Similar results are obtained for $W_{nm}$. As a rule of thumb, one can expect to loose 2-3, 4-5, and 5-6 digits when evaluating these functions up to orders 15, 50, and 100, respectively.
Equivalently, the same error analysis is performed for the normalization factors recurrences, resulting in the following $\delta N_{nm}$ relative error:
Acceleration computation
The acceleration can be directly computed using the $V_{nm}$ and $W_{nm}$ factors [2, 3] as:
\[\ddot{x} = \frac{\mu}{R^2}\sum_{n,m}\ddot{x}_{nm}, \quad \ddot{y} = \frac{\mu}{R^2}\sum_{n,m}\ddot{y}_{nm}, \quad \ddot{z} = \frac{\mu}{R^2}\sum_{n,m}\ddot{z}_{nm}\]
with partial accelerations, using normalized quantities:
\[\begin{align*} \ddot{x}_{nm} &\overset{(\mathrm{m=0})}{=} \eta_n \left( -\bar{C}_{n0} \bar{V}_{n+1,1} \right) \\ &\overset{(\mathrm{m>0})}{=} \xi_{n,m} \left( -\bar{C}_{nm} \bar{V}_{n+1,m+1} -\bar{S}_{nm} \bar{W}_{n+1,m+1} \right) + \chi_{n,m} \left( \bar{C}_{nm} \bar{V}_{n+1,m-1} +\bar{S}_{nm} \bar{W}_{n+1,m-1} \right) \\ \ddot{y}_{nm} &\overset{(\mathrm{m=0})}{=} \eta_n \left( -\bar{C}_{n0} \bar{W}_{n+1,1} \right) \\ &\overset{(\mathrm{m>0})}{=} \xi_{n,m} \left( -\bar{C}_{nm} \bar{W}_{n+1,m+1} +\bar{S}_{nm} \bar{V}_{n+1,m+1} \right) + \chi_{n,m} \left( -\bar{C}_{nm} \bar{W}_{n+1,m-1} +\bar{S}_{nm} \bar{V}_{n+1,m-1} \right) \\ \ddot{z}_{nm} &= \beta_{n,m} \left( -\bar{C}_{nm} \bar{V}_{n+1,m} -\bar{S}_{nm} \bar{W}_{n+1,m} \right) \end{align*}\]

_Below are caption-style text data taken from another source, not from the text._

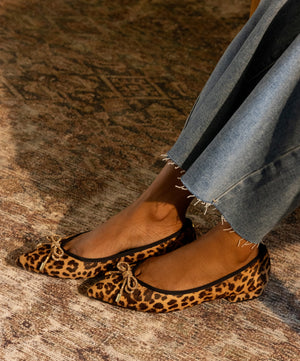 The Goldfinch 15 - Leopardprint Haircalf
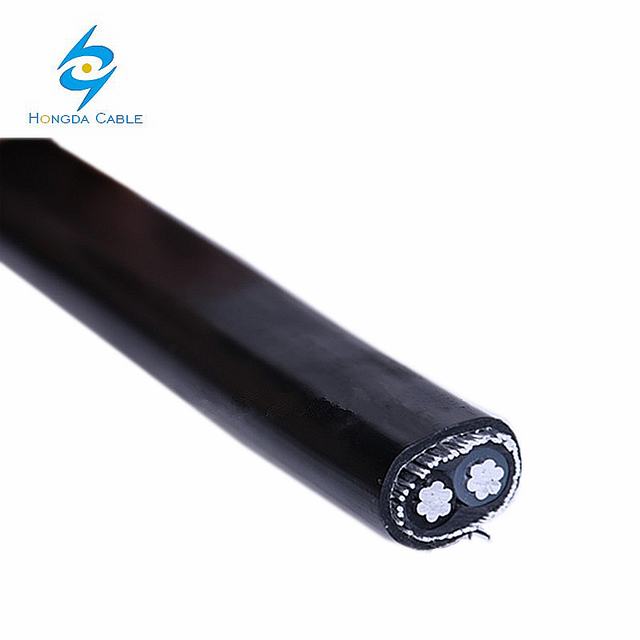 8030 Series Concentric Cable 2*4+4AWG Aluminum Conductor PVC Insulated Cable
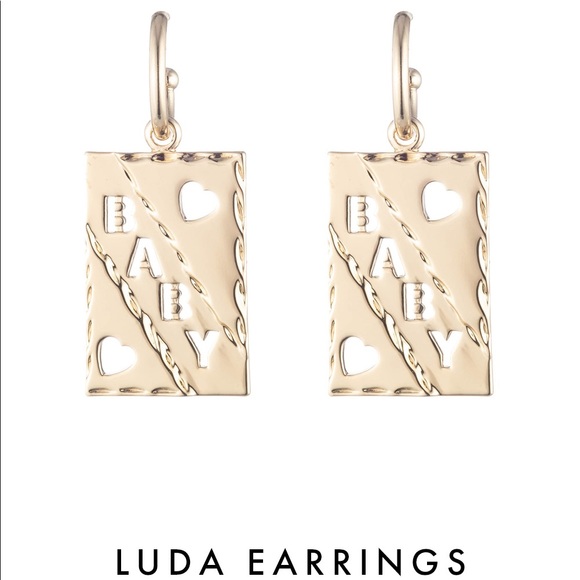 DANNIJO Baby Luda earrings - Picture 2 of 8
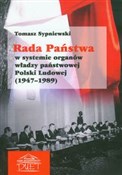 polish book : Rada Państ... - Tomasz Sypniewski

here the following coeffients are introduced:
\[\begin{align*} \eta_n &= \frac{N_{n0}}{N_{n+1,1}} = F_{n,0,n+1,1} \\ \xi_{nm} &= \frac{1}{2}\, \frac{N_{nm}}{N_{n+1,m+1}} = \frac{1}{2} \,F_{n,m,n+1,m+1}\\ \chi_{nm} &= \frac{1}{2}(n-m+2)(n-m+1)\,\frac{N_{nm}}{N_{n+1,m-1}} = \frac{1}{2}(n-m+2)(n-m+1)\, F_{n,m,n+1,m-1} \\ \beta_{nm} &= (n-m+1)\,\frac{N_{nm}}{N_{n+1,m}} = (n-m+1)\,F_{n,m,n+1,m} \end{align*}\]
where we have define $F_{n,m,p,q}$ as the normalization factor ratio.